Comments about this page

  • From the late 1950s until about 1967, I lived at number 38 Springfield Crescent, with my mum, Marion, my dad, Donald, and my sister, Fran. I remember our garden having a variety of old apple trees in it. I played with Clive Edgerton, and his sister Lynn, and found their house and grounds exciting to play in, not least because they had a tree-house!

    By Andrew Cannons (17/11/2021)
  • We made a link to this page from the ‘Old Harpenden, Years Gone By closed Facebook’ page which brought instant reactions, which we have been given permission to quote:

    Carol Ketchley wrote: “That’s fascinating, we lived next door at 21 Springfield Crescent and used to call it ‘the bungalow’! The Egertons lived there at that time. I assume that our house was built (in 1957/8) on Highmoor’s orchard as we had lots of mature fruit trees. I remember the large bonfires we had there for Guy Fawkes nights to which lots of the neighbours came. I can vaguely remember the maisonettes being built and a few of the occupants including a very tall London Fireman who drove a Fiat 500. Another was a teacher from St Georges who would give me lifts to school during the winter.”

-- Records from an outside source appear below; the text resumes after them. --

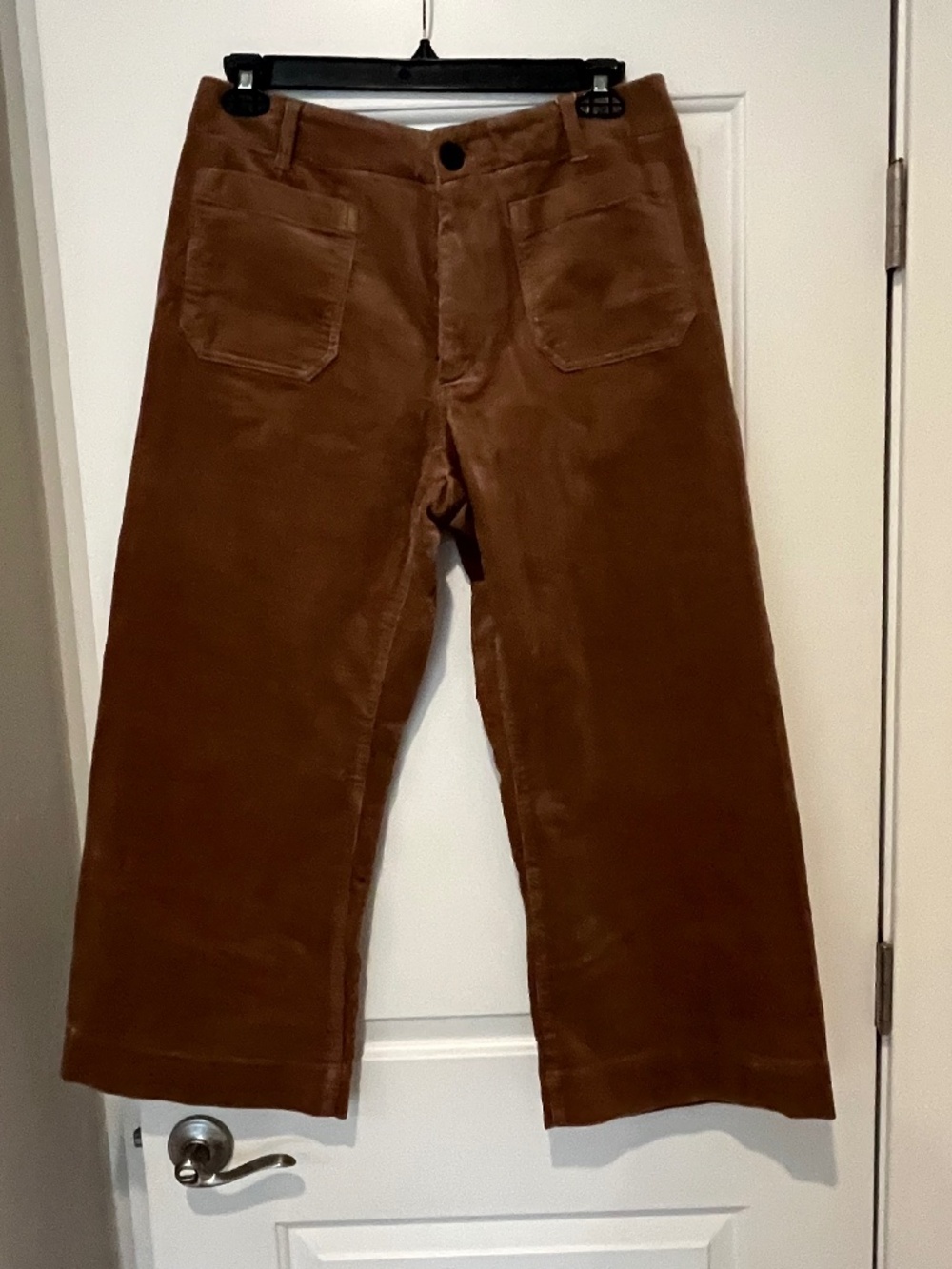 Quince NWT Organic Stretch Corduroy Cropped Wide Leg Pants Warm Brown Fall 12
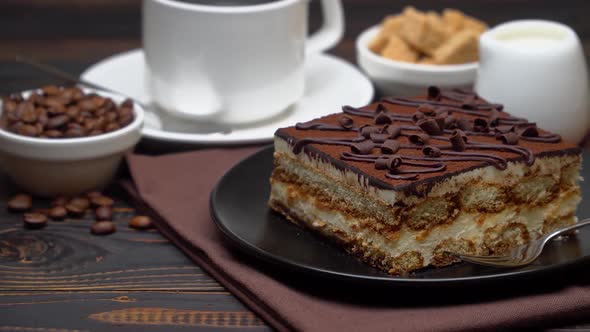 Portion of Traditional Italian Tiramisu Dessert Cup of Espresso Milk  Brown Sugar and Coffee alt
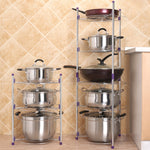 Étagère de cuisine multifonctionnelle à cinq couches pour casseroles, woks et soupières en acier inoxydable, à cinq niveaux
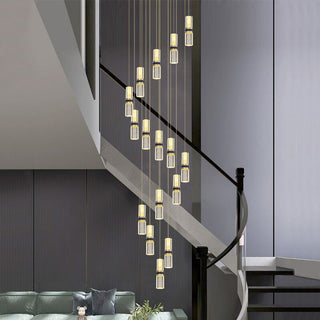 Crystal Tubes Staircase Chandelier – Luxurious LED Pendant for Elegant Stairwells-Staircase Chandeliers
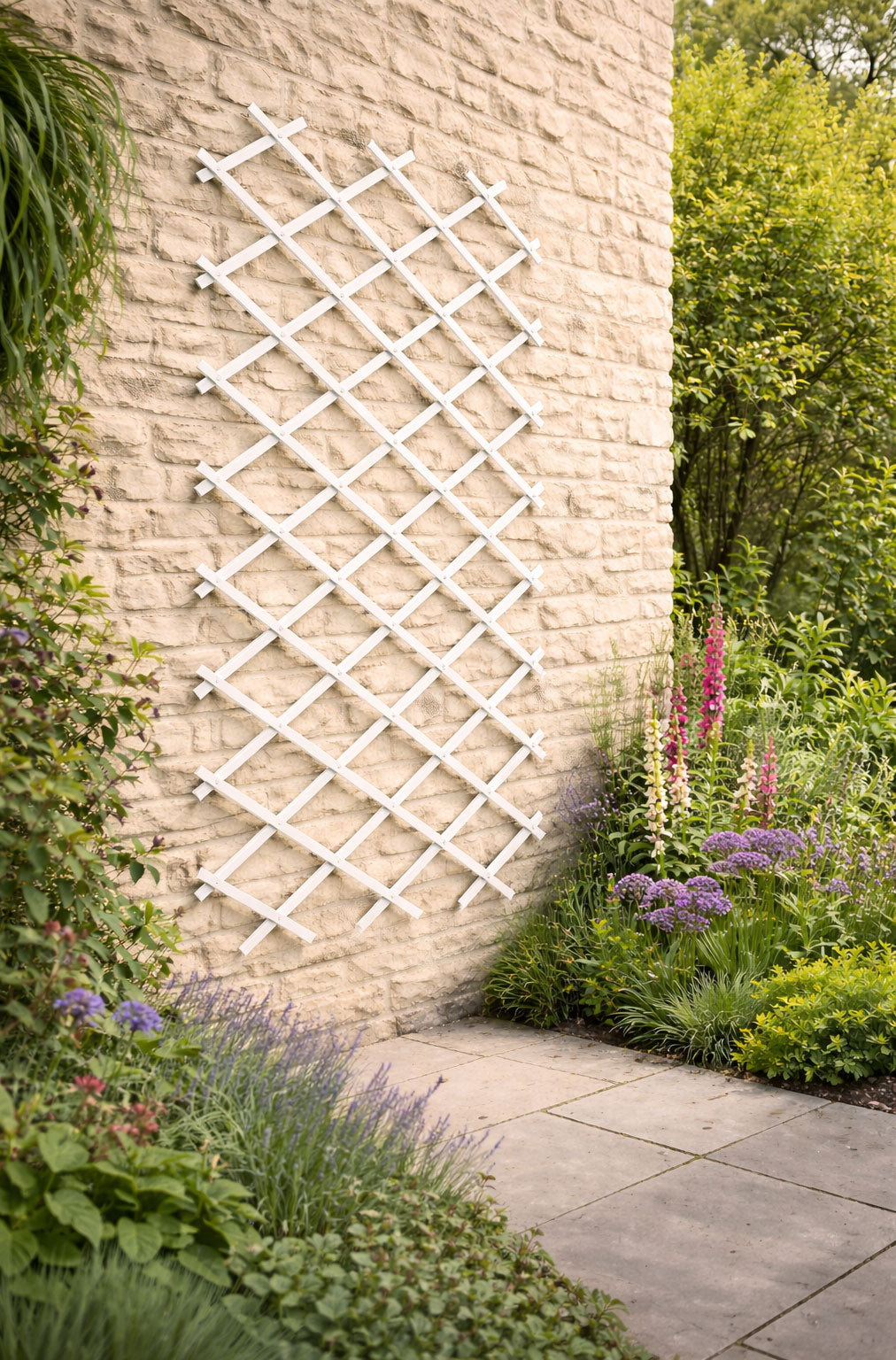 White Expandable Plastic Garden Trellis for Climbing Plants Vegetables and Flowers  - Adjustable Support Frame
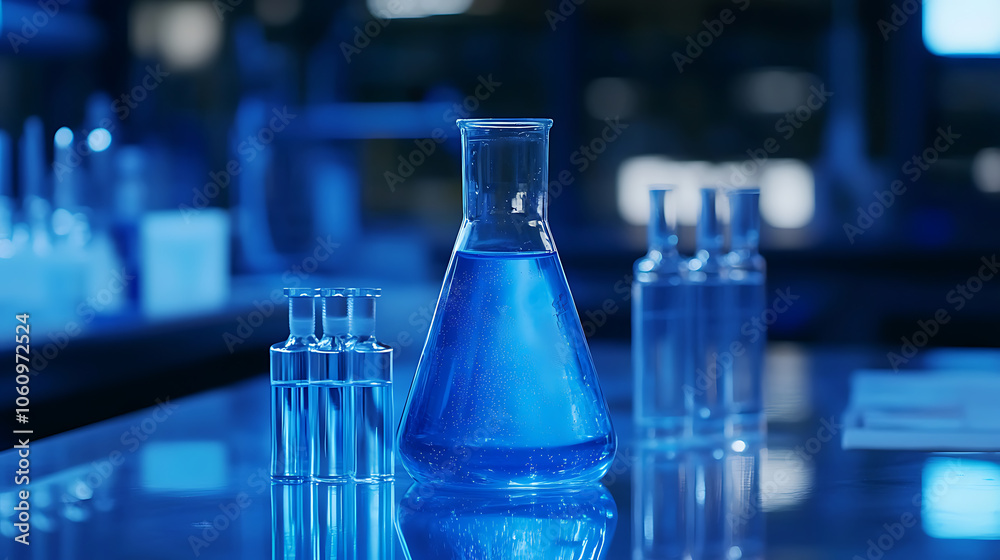 Poster In the laboratory, there is an open beaker filled with clear blue liquid on a glossy table in front of two other pieces of glassware background features blurred lab equipment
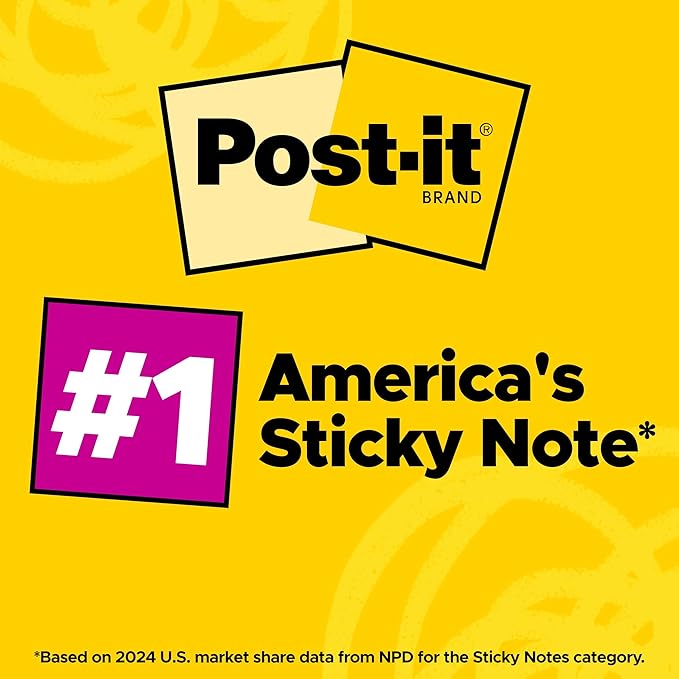 Post-it Super Sticky Lined Notes, 5 Sticky Note Pads, 4x6 in, 2X The Sticking Power, School Supplies, Office Products, Sticky Notes for Vertical Surfaces, Monitors, Walls and Windows, Bright Colors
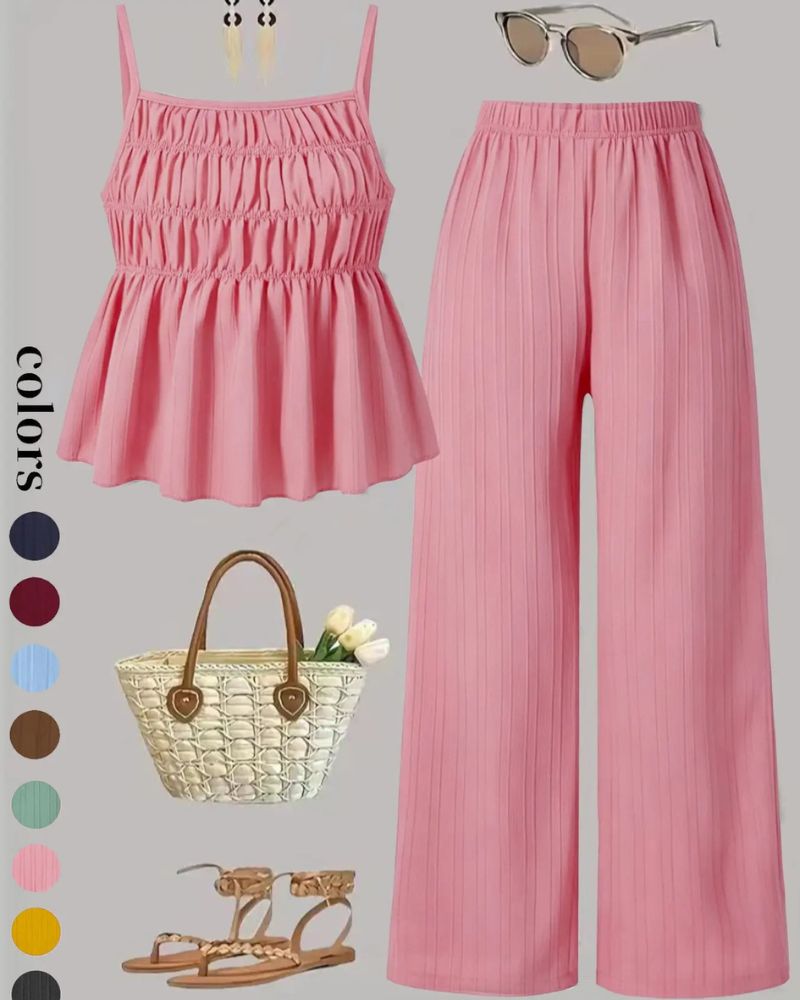 Effortless Solid-Color Cami Top & Wide-Leg Pants Two-Piece Set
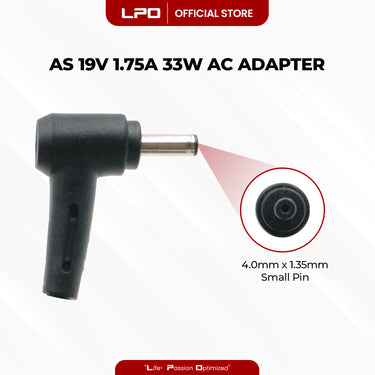 Laptop Charger Asus 19V 1.75A 33W Small Pin 4.0mm x 1.35mm Compatible with Asus VivoBook S200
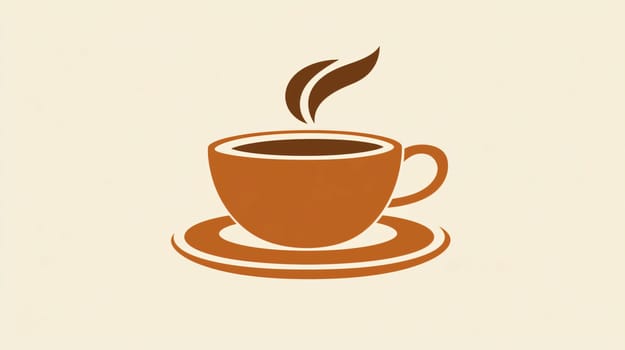 Minimalist illustration of a steaming cup of coffee on a saucer, ideal for representing concepts related to coffee, breakfast, and cafes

    Carol Perry added:  ”I can remember playing in the Egerton’s orchard as a child when I lived in Springfield Crescent in the early 60’s. The orchard seemed massive to me but I can recall the ‘bungalow’ being rather shabby and dilapidated. I also have a vivid memory of being chased down the hill at Springfield Crescent by an alsation dog, called Kim, who I think belonged to the Egerton’s, when I was about 6 or 7.”